The $100 billion questions

Climate change is the single greatest threat to development – making the battle to overcome poverty ever harder and more expensive. Finance is urgently needed to help vulnerable communities adapt to a changing climate.
At Copenhagen, there was progress on finance, if limited. The Copenhagen Accord proposed the establishment of a ‘Copenhagen Green Climate Fund’ and included a loose pledge from rich countries to ‘mobilize’ $100 billion a year by 2020.
The UN Secretary General has convened a High Level Advisory Group on Climate Financing (AGF) to recommend – ahead of the UN climate meeting in Mexico in December 2010 – how the money can be raised.
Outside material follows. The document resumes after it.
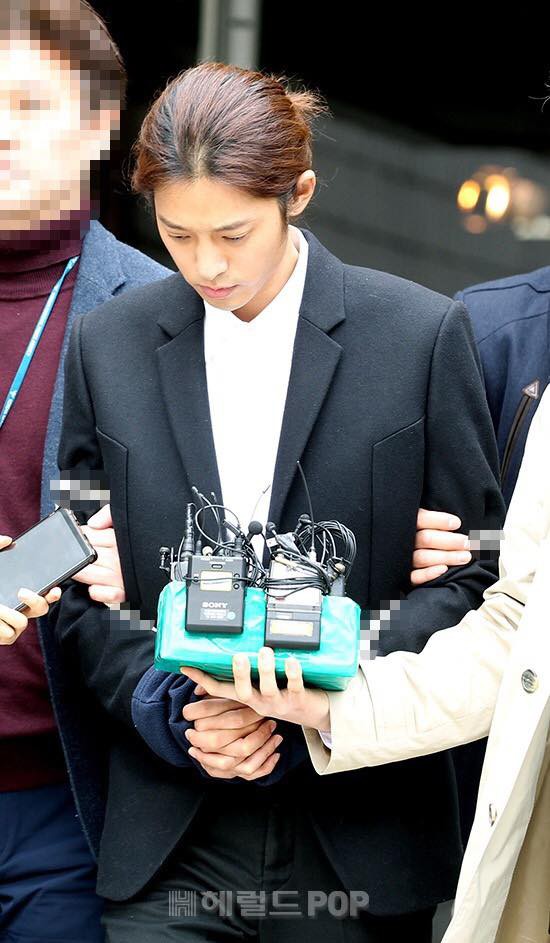Nóng: Jung Joon Young bị trói, còng tay áp giải đến phòng giam tại đồn cảnh sát  - Ảnh 11.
Their interim report will be discussed at June’s UNFCCC meeting in Bonn – the first round of substantive negotiations since Copenhagen.
In this note, Oxfam raises the key questions that the AGF needs to tackle to ensure sufficient and sustainable sources of finance for climate change mitigation and adaptation.

Key recommendations

Leading up to UN climate meeting in Mexico in December 2010, world governments have the opportunity to turn ambiguity into action by agreeing:

  • A UN Green Fund that is transparent, accessible and direct;
  • To bring a package of predictable and sustainable climate finance sources on-stream by 2013, worth at least $100bn a year to help poor people cope with climate change.

To rebuild trust between rich and poor nations and put the negotiations back on track towards a comprehensive deal, these issues must be formally agreed under the UNFCCC at COP-16 in Mexico in December 2010.